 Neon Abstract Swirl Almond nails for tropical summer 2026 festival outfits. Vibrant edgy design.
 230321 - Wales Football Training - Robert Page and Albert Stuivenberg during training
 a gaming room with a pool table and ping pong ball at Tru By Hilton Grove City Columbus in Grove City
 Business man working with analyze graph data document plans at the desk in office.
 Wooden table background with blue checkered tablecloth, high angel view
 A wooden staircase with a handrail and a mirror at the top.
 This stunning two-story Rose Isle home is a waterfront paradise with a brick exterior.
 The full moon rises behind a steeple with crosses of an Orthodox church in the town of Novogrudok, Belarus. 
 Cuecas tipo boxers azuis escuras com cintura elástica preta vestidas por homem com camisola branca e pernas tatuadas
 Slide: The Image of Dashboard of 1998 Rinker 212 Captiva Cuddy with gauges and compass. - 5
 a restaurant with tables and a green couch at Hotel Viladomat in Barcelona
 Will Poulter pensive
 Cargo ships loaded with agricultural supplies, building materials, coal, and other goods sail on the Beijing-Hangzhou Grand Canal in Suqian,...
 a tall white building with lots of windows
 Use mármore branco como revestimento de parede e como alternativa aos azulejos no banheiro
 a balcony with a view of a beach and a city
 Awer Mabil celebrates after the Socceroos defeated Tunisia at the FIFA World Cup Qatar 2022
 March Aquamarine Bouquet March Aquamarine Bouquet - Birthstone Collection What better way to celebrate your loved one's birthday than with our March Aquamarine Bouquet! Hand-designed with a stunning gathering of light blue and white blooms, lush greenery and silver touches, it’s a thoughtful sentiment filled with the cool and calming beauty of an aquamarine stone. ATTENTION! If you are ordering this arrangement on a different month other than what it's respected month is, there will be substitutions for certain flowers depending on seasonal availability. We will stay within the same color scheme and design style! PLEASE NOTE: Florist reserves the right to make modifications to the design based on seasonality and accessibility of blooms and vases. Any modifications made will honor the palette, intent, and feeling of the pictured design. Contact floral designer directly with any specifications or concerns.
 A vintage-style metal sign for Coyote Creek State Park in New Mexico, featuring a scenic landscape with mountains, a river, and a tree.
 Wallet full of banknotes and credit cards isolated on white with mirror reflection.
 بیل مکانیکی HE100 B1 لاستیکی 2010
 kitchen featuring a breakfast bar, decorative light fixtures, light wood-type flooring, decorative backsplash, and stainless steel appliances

Exercise description:
Beginning with the line holding "a tall white building with lots of windows" and ending with the line holding "Awer Mabil celebrates", write out the stretch of material above exactly; add no further lines.

Output:
 a tall white building with lots of windows
 Use mármore branco como revestimento de parede e como alternativa aos azulejos no banheiro
 a balcony with a view of a beach and a city
 Awer Mabil celebrates after the Socceroos defeated Tunisia at the FIFA World Cup Qatar 2022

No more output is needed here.